Harriet Seymour Hallock Bolz (November 24, 1909 – March 9, 1995) was an American composer based in Ohio.

==Early life and education==
Harriet Seymour Hallock was born in Columbus, Ohio, the daughter of Roscoe Scott Hallock and Anna Druzilla Griffith Hallock. Both of her parents were also born in Ohio. Her father was a physician. She graduated from the Cleveland Institute of Music, and earned a bachelor's degree from Case Western Reserve University. She completed a master's degree in composition at Ohio State University. She studied with Paul Creston and Leo Sowerby.
==Career==
Bolz composed secular and church music. In 1974 her Sweet Jesus was awarded first prize in a choral competition sponsored by the National League of American Pen Women. She was active in the Ohio Federation of Music Clubs. In 1965 she was recognized by the National Federation of Music Clubs (NFMC) as winner of an adult non-professional composition competition. A piano quartet by Bolz had its premiere performance at an NFMC convention in 1983.
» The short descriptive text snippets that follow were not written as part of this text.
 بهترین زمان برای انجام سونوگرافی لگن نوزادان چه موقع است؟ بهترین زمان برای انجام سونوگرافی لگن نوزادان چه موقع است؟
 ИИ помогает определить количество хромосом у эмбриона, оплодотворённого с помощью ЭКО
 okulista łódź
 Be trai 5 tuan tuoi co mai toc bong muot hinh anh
Bolz's work is mostly performed on programs of music by women composers, including a 1969 concert of works by Ohio women, and a 1986 harp recital at the University of Iowa. After a 1985 concert at Georgia State University, a reviewer described her Floret, a short piece for piano, as "witty, brilliantly pianistic." She attended a 1992 concert at the Lancaster Festival composers' symposium, saying "I'm always happy to have things performed. That's how you learn."
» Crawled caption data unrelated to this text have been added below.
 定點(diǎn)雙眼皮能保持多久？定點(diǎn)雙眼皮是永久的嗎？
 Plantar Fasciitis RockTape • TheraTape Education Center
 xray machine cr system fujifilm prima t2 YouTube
Since her death, works by Bolz continue to appear on concert programs, including a 1997 program at George Washington University; a 2004 concert in Fort Lauderdale; and a 2015 workshop by the Chamber Musicians of Northern California.
==Compositions==
Many of Bolz's works were published by Hildegard Publishing, Arsis Press, Sam Fox Publishing, Choral Arts Publications, Beckenhorst Press, and Harold Branch Publishing.
- Floret: A Mood Caprice for Piano
- Two Profiles for Piano
- "Cradle Song" (1943, a setting for a William Blake poem)
- Carol of the Flowers (1967, for choir)
- Pageant Prelude (1969)
- Lyric Designs for Orchestra (1970s)
- Capitol Pageant for Piano Duet
- Narrative Impromptu for Harp
- Repartee Rhapsodic (for flute and harp)
- Polychrome Patterns (1984, a sonatina for clarinet and piano)
- Episode for Organ: Autumn Joy
- Episode Prismatic for Alto Saxophone, Tenor Saxophone and Piano
- Sonic Essay and Fugue for Organ (1981)
- Festive Fantasia (1995, for clarinet, bassoon, and French horn)
- How Shall We Speak?
- Sweet Jesus
- Ricochet
- Such Be the Thought

==Personal life==
In 1937, Hallock married Harold August Bolz, an engineering professor at Ohio State University. They had three sons, William, Everett, and Eric. She died in 1995, at the age of 85, in Columbus.